Kilka minut po czwartej nad ranem w niedzielę rodzina z dwójką dzieci wyszła na klatkę schodową. Źle się poczuli, w mieszkaniu ulatniał się gaz. Strażacy ewakuowali także rodzinę z sąsiedniego mieszkania. Wszyscy potrzebowali hospitalizacji.
W niedzielę kilka minut po 4 nad ranem jeden z mieszkańców kamienicy przy ulicy Damrota w Siemianowicach Śląskich zawiadomił służby o prawdopodobieństwie uwolnienia się tlenku węgla w mieszkaniu. Zanim na miejsce dotarły służby, rodzina z dwójką dzieci ewakuowała się na klatkę schodową.
Jak mówi kapitan Sebastian Karpiński, oficer prasowy Państwowej Straży Pożarnej w Siemianowicach Śląskich, w mieszkaniu pootwierano okna, mimo to strażacy potwierdzili obecność tlenku węgla na poziomie aż 150 ppm. Tymczasem dopuszczalne stężenie tlenku węgla to 35 ppm. W okolicach 200 ppm człowiek zaczyna już odczuwać dolegliwości związane z zatruciem.
Wszyscy zabrani do szpitala
- Osoby uskarżały się na zły stan zdrowia, dlatego zostały przebadane na zawartość karboksyhemoglobiny - mówi Karpiński.

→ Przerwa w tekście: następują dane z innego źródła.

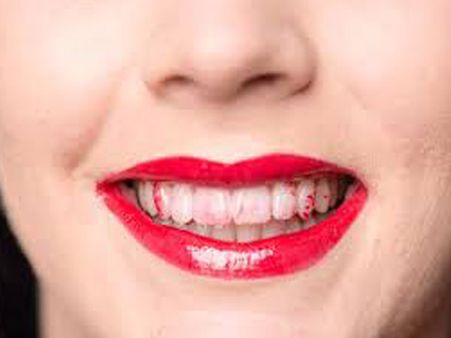 Don't Eat Away Your Lip Colour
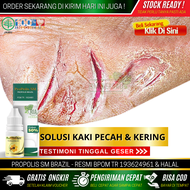 Obat Tetes Untuk Telapak Kaki Pecah-Pecah Obat Oles Gatal Sela Jari Kaki Selain Krim Kaki Pecah - Pe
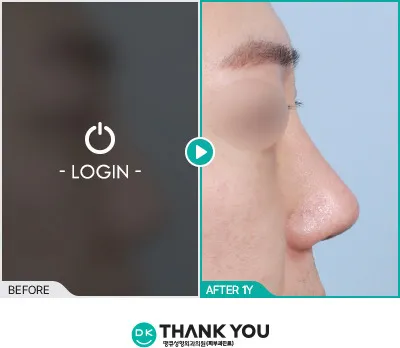 Before/After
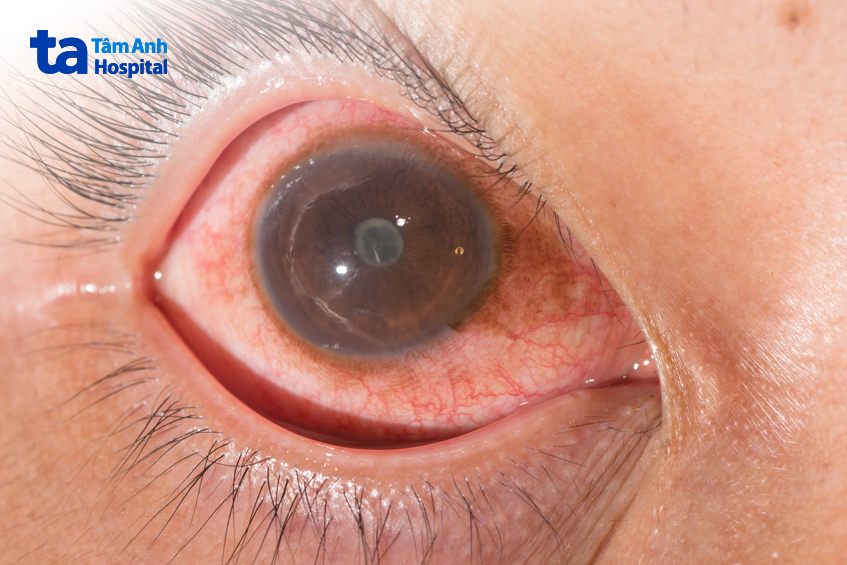 nhiều nguyên nhân dẫn đến viêm màng bồ đào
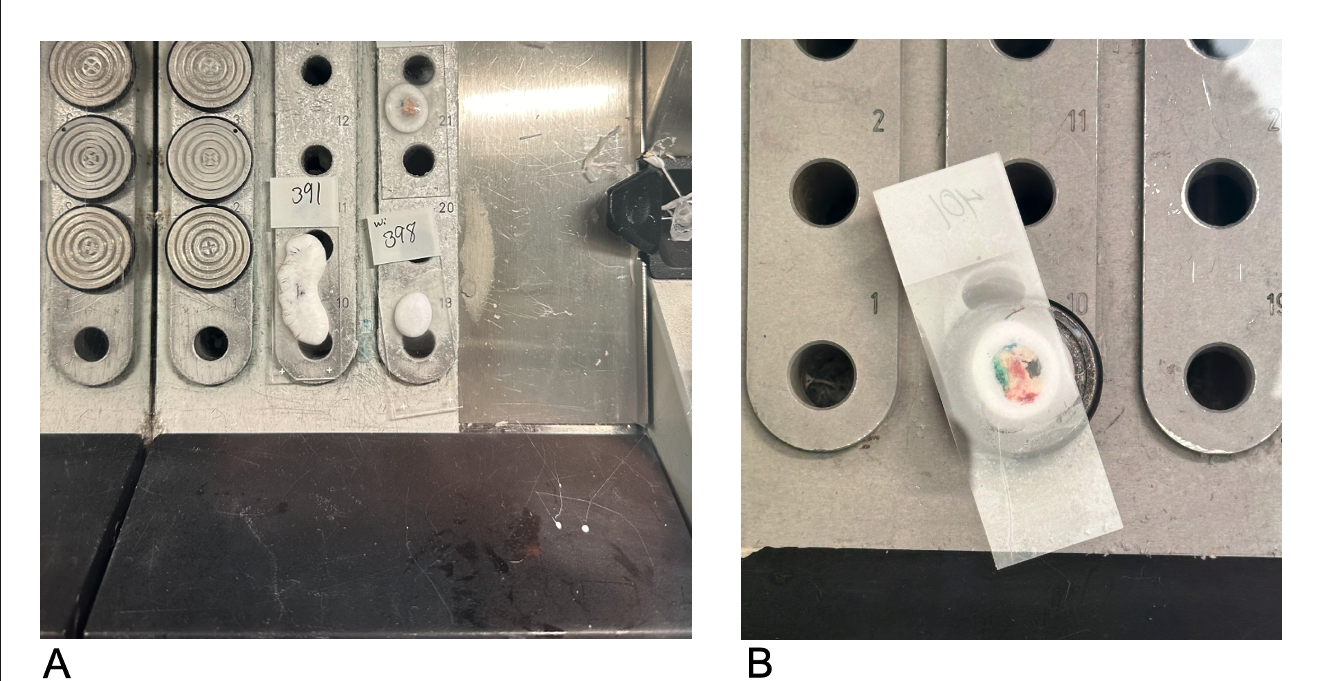 <p>Freezing Tissue in the Cryostat Machine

Czad łatwo wiąże się z hemoglobiną, która transportuje tlen w naszych organizmach. W efekcie połączenia powstaje karboksyhemoglobina. Hemoglobina nie łączy się z tlenem, co prowadzi do niedotlenienia, w najgorszym przypadku do śmierci przez uduszenie. Stężenie karboksyhemoglobiny nie powinno przekraczać trzech procent całkowitej zawartości hemoglobiny. Wzrost do 20 procent daje objawy zatrucia., przede wszystkim ból głowy, ucisk w skroniach. Przy 30 - 40 procentach następują nudności, wymioty, osłabienie, oszołomienie, zapaść. Powyżej 60 procent - utrata świadomości i często śmierć.

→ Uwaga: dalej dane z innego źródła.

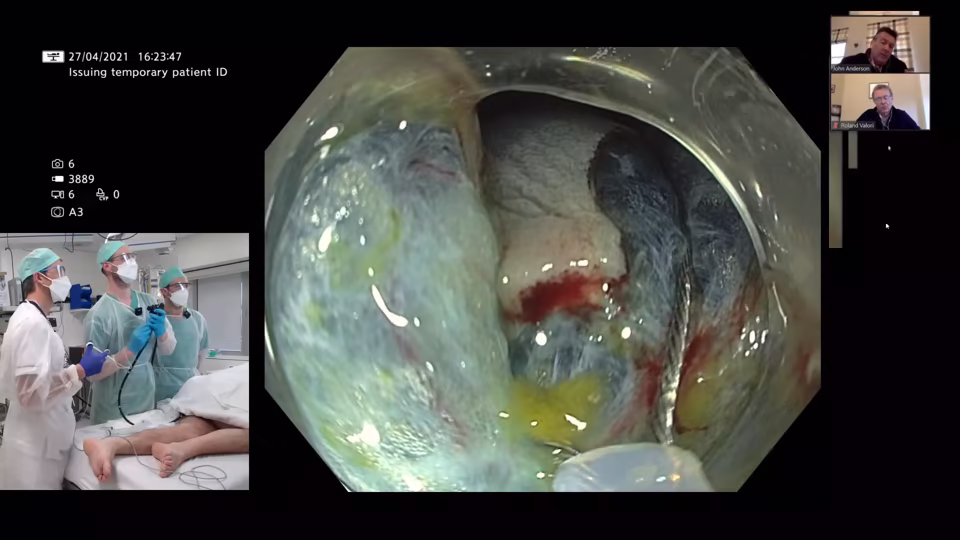 Decision Making in Colorectal Polyp Resection – Small / Intermediate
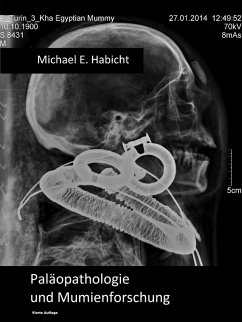 Handbuch Paleopathologie und Mumienforschung (eBook, ePUB)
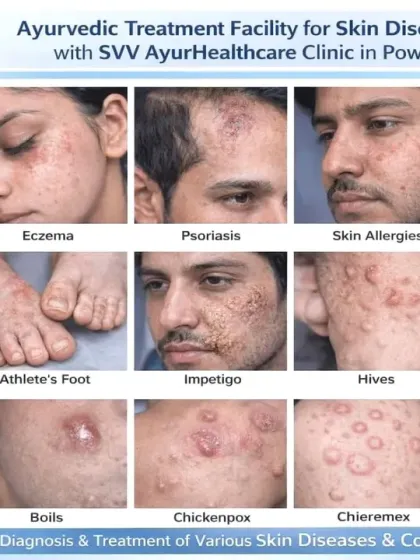 I treat a wide spectrum of skin diseases at my clinic. This collage shows some of the common conditions I can help you with, including acne, eczema, psoriasis, ringworm, and pigmentation issues like melasma. My goal is to provide an effective diagnosis and lasting treatment for your specific concern.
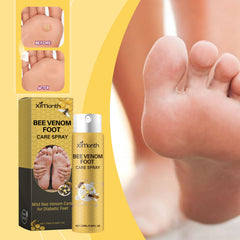 Foot spray bottle beside a foot and heel-care illustration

- U wszystkich osób wynik wyszedł od 27 do 39 procent - mówi Karpiński.
Strażacy skontrolowali pozostałe mieszkania w pionie. Okazało się, że w jednym z nich również wykryto czad. Troje lokatorów, w tym jedno dziecko, także przebadano pod kątem zawartości karboksyhemoglobiny. Wynik: od 8 do 10 procent.
Wezwany na miejscu zespół medyczny pogotowia zdecydował o przewiezieniu wszystkich osób do szpitali Chorzowie, Siemianowicach i Czeladzi.

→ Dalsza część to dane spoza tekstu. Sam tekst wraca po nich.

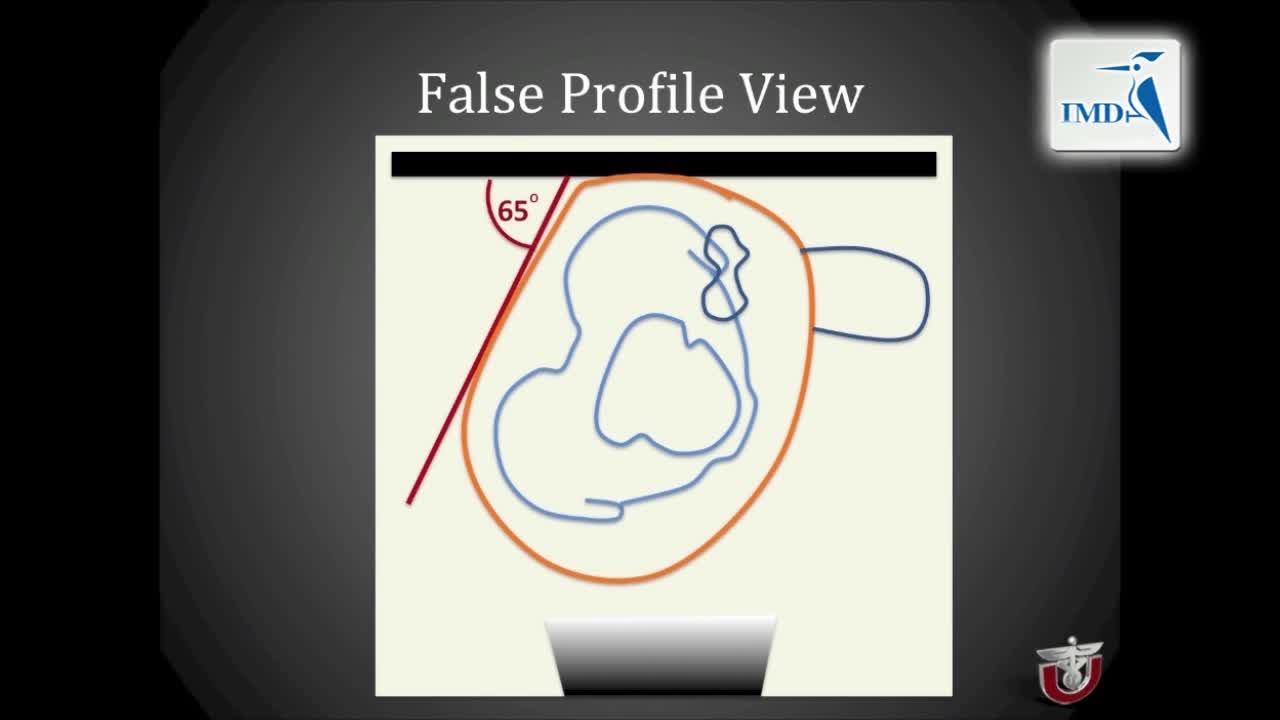 股直肌保留髋臼周围截骨手术（预告）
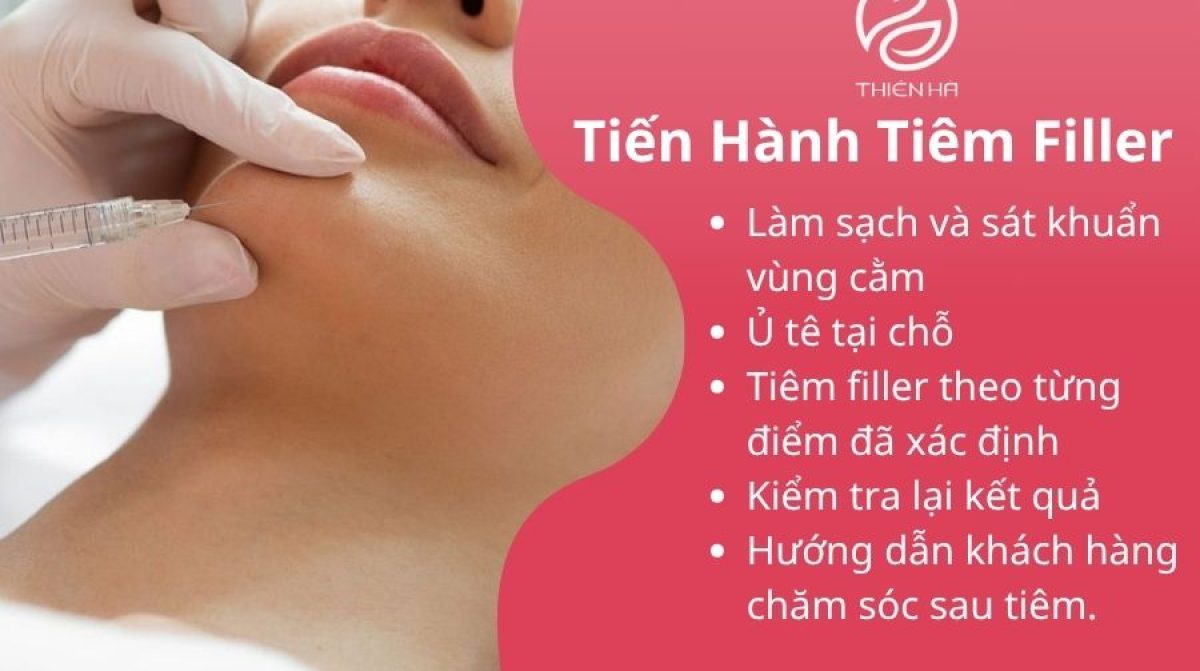Tiêm Filler Cằm Bao Lâu Thì Đẹp? Quy Trình & Lưu Ý Quan Trọng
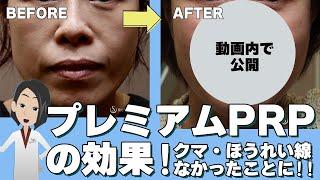 【若返りの万能注射PRP】安心して受けるための基礎知識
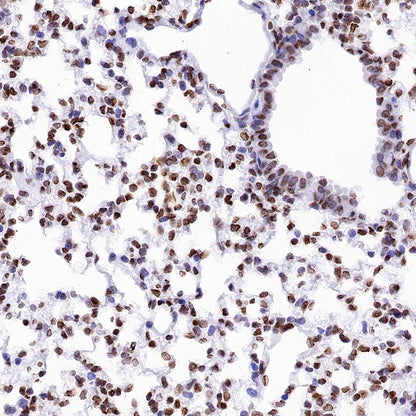 Histone H4 (acetyl K16) Recombinant Rabbit mAb (S-1482-12)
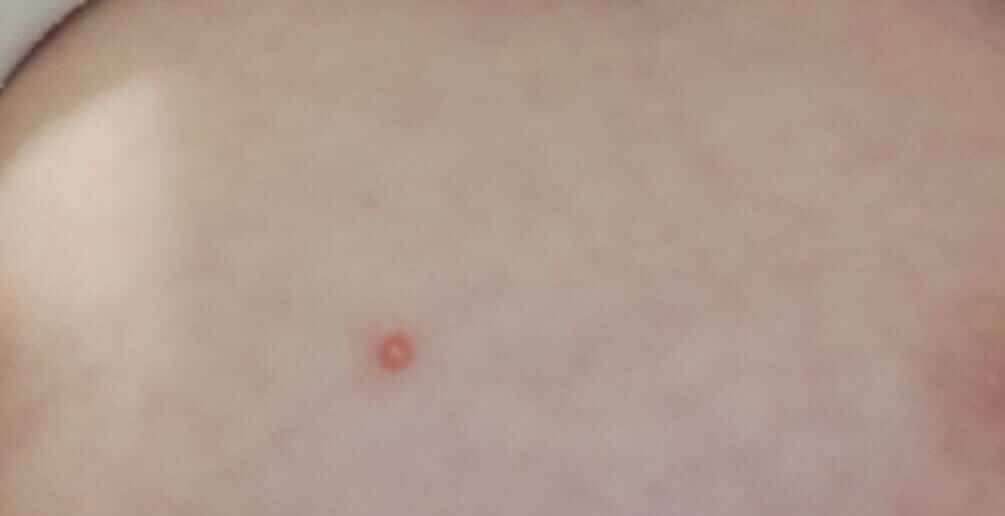 Molluscum Contagiosum (viral Warts) - Doctor Efi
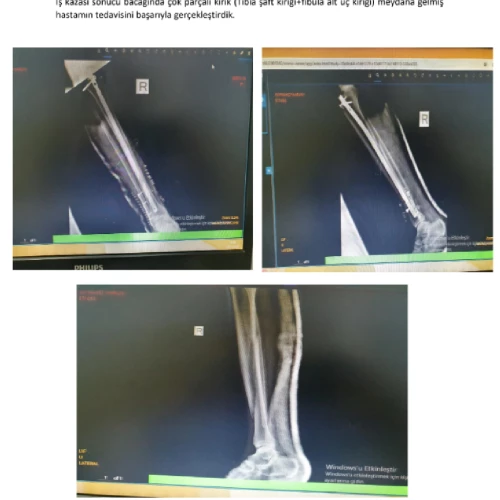 Klinik Fotoğrafı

Sprawdzajcie kominy, kupujcie czujniki
Karpiński przypomina, że rozpoczął się sezon grzewczy i apeluje o zadbanie o drożność przewodów kominowych i zaopatrzenie się w czujniki tlenku węgla, który pierwszy ostrzega przed zagrożeniem zatrucia. - To nie jest duży koszt, a ratuje życie, znacząco wpływa na poprawę bezpieczeństwa w mieszkaniach - mówi kapitan PSP.